Trials: Every Verdict Tells a Story

March 13, 2014

I am in the process of trying a case in Wayne County Circuit Court on behalf of a little girl who was forced to be born in a jail cell because her mother was imprisoned and denied necessary medical care by a local hospital. As I was taking the drive to court this morning I heard a radio report of a hunger strike among prisoners in California protesting that state’s practice of condemning large number of prisoners to solitary confinement. That state already is under a court order to relieve massive overcrowding. I wonder how it is that we have become a country that imprisons more people than any other nation in the world.  

In Michigan, one of the largest segments of employment, especially in the Upper Peninsula, is corrections. In a state with more prisons than some countries have, more prisons are being built. If one were to base a guess on what is happening with the prison system based on who is there, one could say that our country has decided to imprison African-American males as a social policy, and the mentally ill, and non-violent drug users. 

Violent crime is at an historic low, yet our prison population is at an historic high. I wonder if imprisonment has become the default setting on a society that refuses to address the social problems that require more effort and long-term investment. Just like the medical and prison staff who turned their eyes away from a woman and child in need, as a society we turn our eyes away from those in need: the mentally ill and homeless, the impoverished, the marginalized in our society. 

Or when we can’t avert our eyes, we imprison them. 

 


Stand Your Ground: Dunn Verdict

February 24, 2014

If justice had been done, then Michael Dunn should have been convicted of first degree murder, but in Florida and other “stand your ground” law States it is virtually impossible to get a murder conviction. Some of the jury in the Dunn case followed the law and that’s the problem: stand your ground laws create an impossible burden to prove first degree murder based on evidence alone.   Especially when a white kills a black.

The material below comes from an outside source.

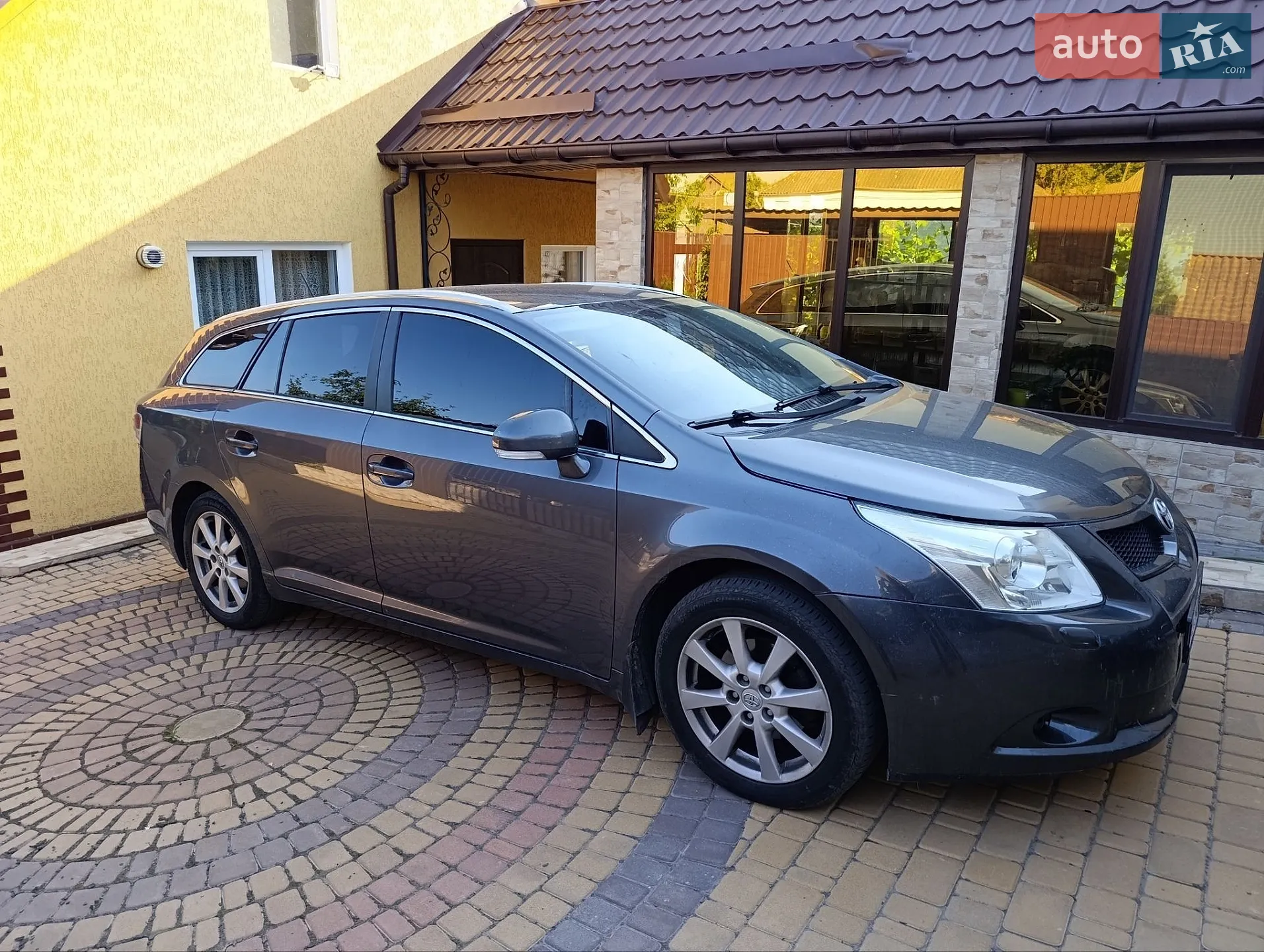 2010 Toyota Avensis - мініатюра 4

First degree murder in the Dunn trial was proper because in Florida the intent to kill can be formed between the first and second shots. Dunn fired 10 times at a car moving away from him over a space of 4-5 seconds. He basically emptied his gun at a car driving away from him. The problem is that the “stand your ground” laws provides only a subjective test of the fear of imminent death for a shooter. In other words, it is not necessary for a person who kills someone else to make a decision that a reasonable person would have done in similar circumstances. It is not necessary to have any reasonable basis to believe anyone is a threat. All a murderer like Dunn has to say is that he really felt threatened, whether there was objective reason to feel threatened or not.

In Florida, the subjective standard of a perceived threat was adopted after testimony like the following:  One woman asked Legislators why she would have to wait until someone attempts to rape her before she is able to kill them? Her point was that if she feels some guy wants to rape her (whether there is any reasonable basis for that belief or not), she should be free to legally shoot him dead. In Florida, and many other States, that sounded logical and reasonable to Legislators dependent on NRA approval ratings and contributions.

As a father of two young children of race, I certainly understand the fear and outrage of African-American parents. “Stand your ground” laws have not reduced crime. They have not reduced homicides or attempted homicides – in fact they have increased homicides in the States that have adopted this law. The law is nothing more than a declaration of open season on African Americans, who are routinely misperceived as a “threat” by white people.

Stand your ground is a license for whites to murder blacks.  Period.